● WHAT THE TASK ASKS: Please restate exactly the lines from the one holding "体检中心质量标准_精品文档.doc" to the end of the material, including both ends and excluding every picture.

● MATERIAL SUPPLIED:

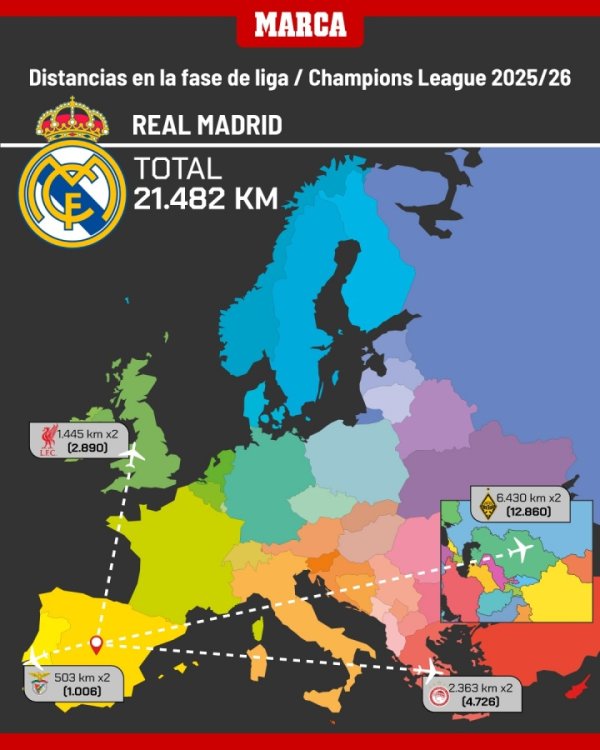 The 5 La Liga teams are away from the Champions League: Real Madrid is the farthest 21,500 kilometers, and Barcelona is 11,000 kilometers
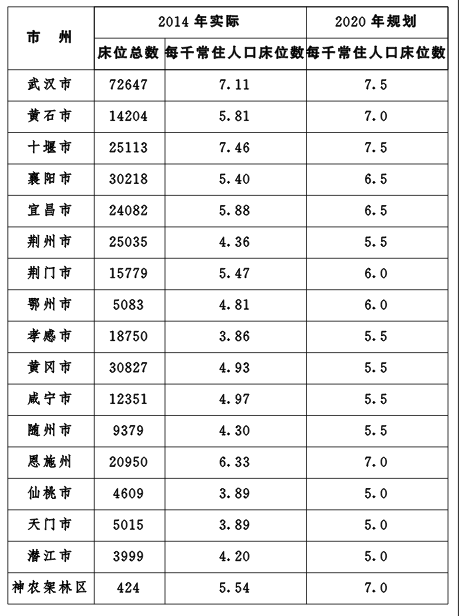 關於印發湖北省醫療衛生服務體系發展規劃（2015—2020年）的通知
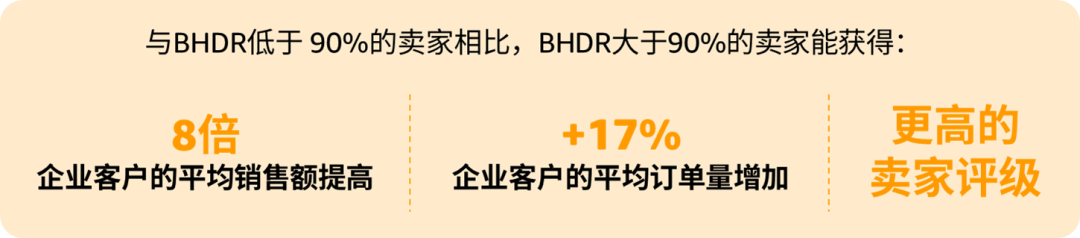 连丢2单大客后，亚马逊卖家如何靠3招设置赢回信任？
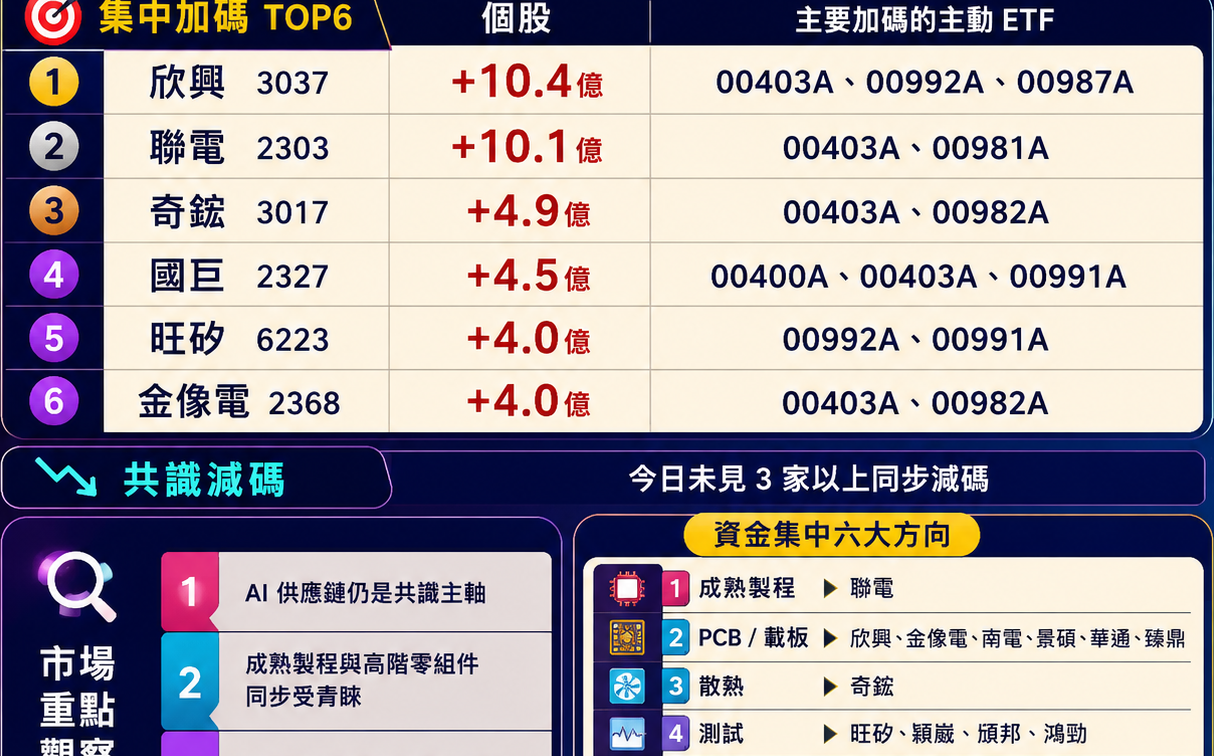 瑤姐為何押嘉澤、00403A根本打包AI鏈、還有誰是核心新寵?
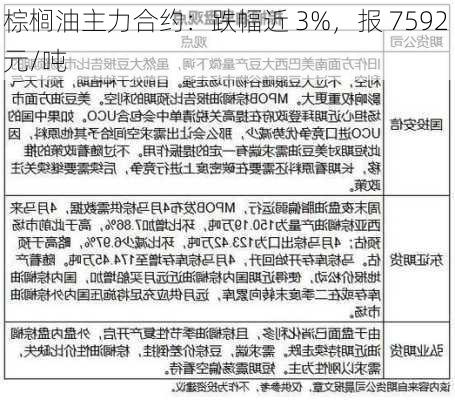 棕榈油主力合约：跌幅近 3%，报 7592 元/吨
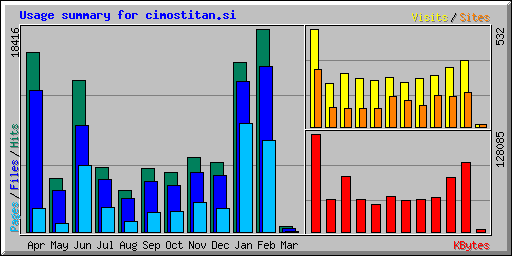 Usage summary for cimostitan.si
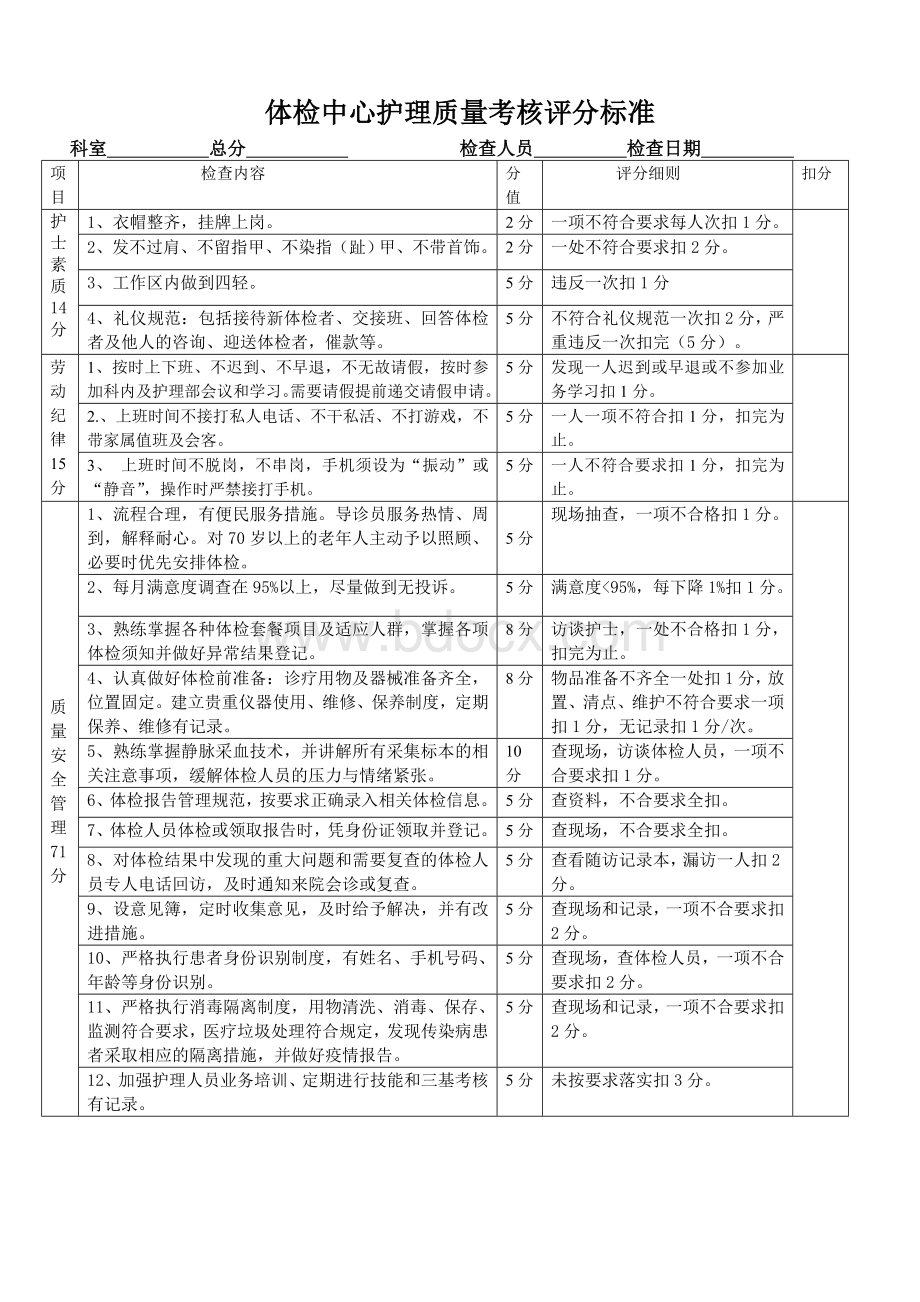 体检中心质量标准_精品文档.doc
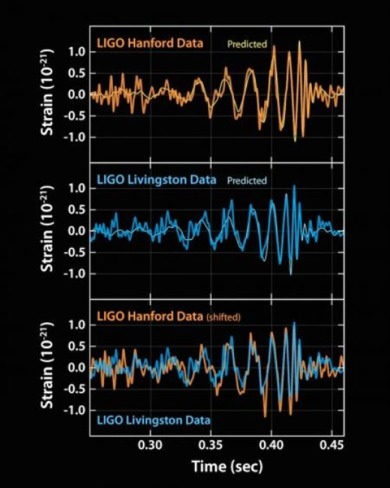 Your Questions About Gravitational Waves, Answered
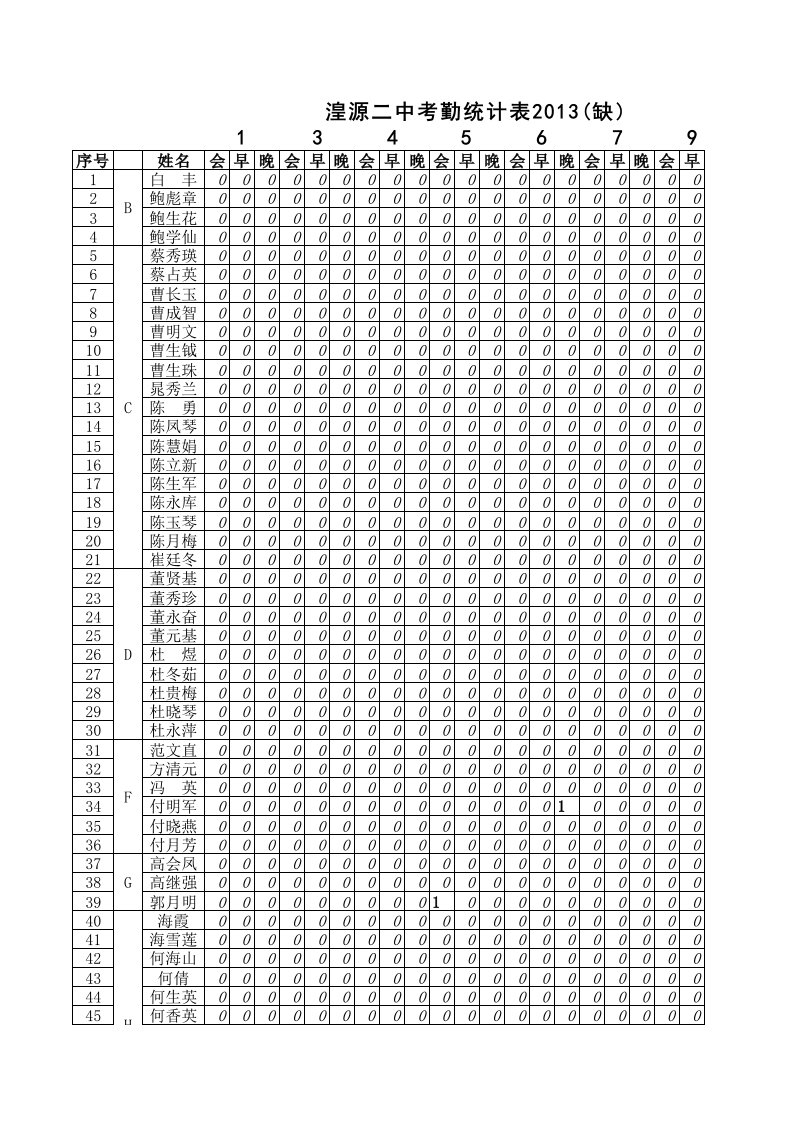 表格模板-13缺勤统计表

● RESULT OF THE EXERCISE:
 体检中心质量标准_精品文档.doc
 Your Questions About Gravitational Waves, Answered
 表格模板-13缺勤统计表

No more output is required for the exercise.